I agree, please just add a way of calling C++ and not a brand new
feature that will change the way D code should be written. I do
not want or need namespaces in D code!
April 26, 2014
On 4/26/2014 4:57 AM, Dicebot wrote:
> Necessity to define namespaces for
> interfacing with C++ must not result in usage of namespaces of pure D code.

Why?

I don't see much of any use for namespaces in pure D code, though I could be surprised.

April 26, 2014
On 4/26/2014 8:19 AM, Timon Gehr wrote:
> Well, the proposed feature does not add any new capabilities except proper
> mangling. In pure D code
>
> namespace foo{
>      // declarations
> }
>
> would be basically the same as
>
> private mixin template Foo(){
>      // declarations
> }
> mixin Foo foo;

That's right.

> which is available today. I guess namespaces will occur in pure D code as
> sparsely as the above construction, because they are not particularly useful.

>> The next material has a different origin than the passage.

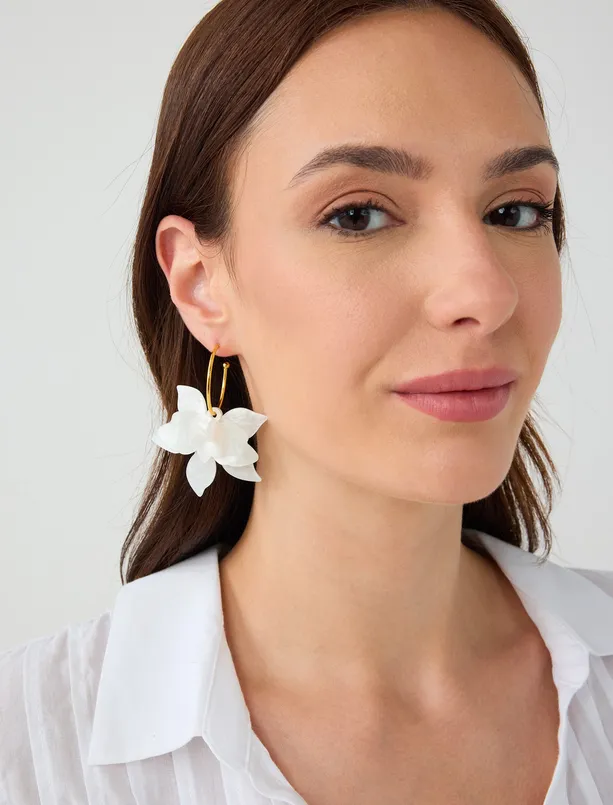 Women White Flower Patterned Earrings with Leaf Detail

Yeah, template mixins turned out to be a solution looking for a problem.
April 26, 2014
On 4/26/2014 5:37 AM, Timon Gehr wrote:
> import std.stdio;
>
> namespace g{
>      int foo(int a){ return a; }
> }
> namespace g{
>      string foo(string a){ return a; }
> }
>
> void main(){
>      writeln(foo(2));
>      writeln(foo("a"));
>      writeln(g.foo(2));
>      writeln(g.foo("a"));
> }
>
> Both examples should still work if the two mixins/namespaces occur in (possibly
> different) imported modules. I think this would be in line with how lookup is
> generally handled in D. (Note that I am not suggesting to make namespaces
> extensible, but rather to make them overloadable.) How do you think about this?

Yes, that's how I anticipate it working. That's just following existing rules.

April 26, 2014
On Saturday, 26 April 2014 at 18:13:00 UTC, Walter Bright wrote:
> Yeah, template mixins turned out to be a solution looking for a problem.

template mixins rock, I use them for a bunch of things.
April 26, 2014
On 4/26/2014 7:38 AM, Daniel Murphy wrote:
> So, people didn't like the proposal last time you made the thread, so you made
> it again?  My objections from the last thread still stand.  Mangling is all we
> need, just add a pragma or attribute to add mangling and don't tie it to other
> language elements.

Having a pragma to just add mangling doesn't deal with problems like:

    namespace N { int foo(); }
    namespace M { int foo(); }

    foo();  // how to specify which one gets called?

I.e. only addressing name mangling does not scale. Need actual scopes, too.

April 26, 2014
On Saturday, 26 April 2014 at 18:11:18 UTC, Walter Bright wrote:
> On 4/26/2014 4:57 AM, Dicebot wrote:
>> Necessity to define namespaces for
>> interfacing with C++ must not result in usage of namespaces of pure D code.
>
> Why?
>
> I don't see much of any use for namespaces in pure D code, though I could be surprised.

Because using namespaces is considered good practice in C++. Those coming from languages with natural namespace support will see feature with same name and semantics in D code and will proceed with using it casually, resulting in lot of unidiomatic D libraries and applications out there.

Namespaces are also much more familiar and simple thing to grasp compared to original D module system. Providing those will doom D modules because of path of least resistance - lack of good practices here makes situation rather bad already, no need to make it even worse.

Namespaces also don't solve any problem for that can't be already elegantly solved. We are very reluctant to add new useful features because of implied implementation, documentation and learning overhead. Abandoning that principle to add a useless feature instead is just horrible.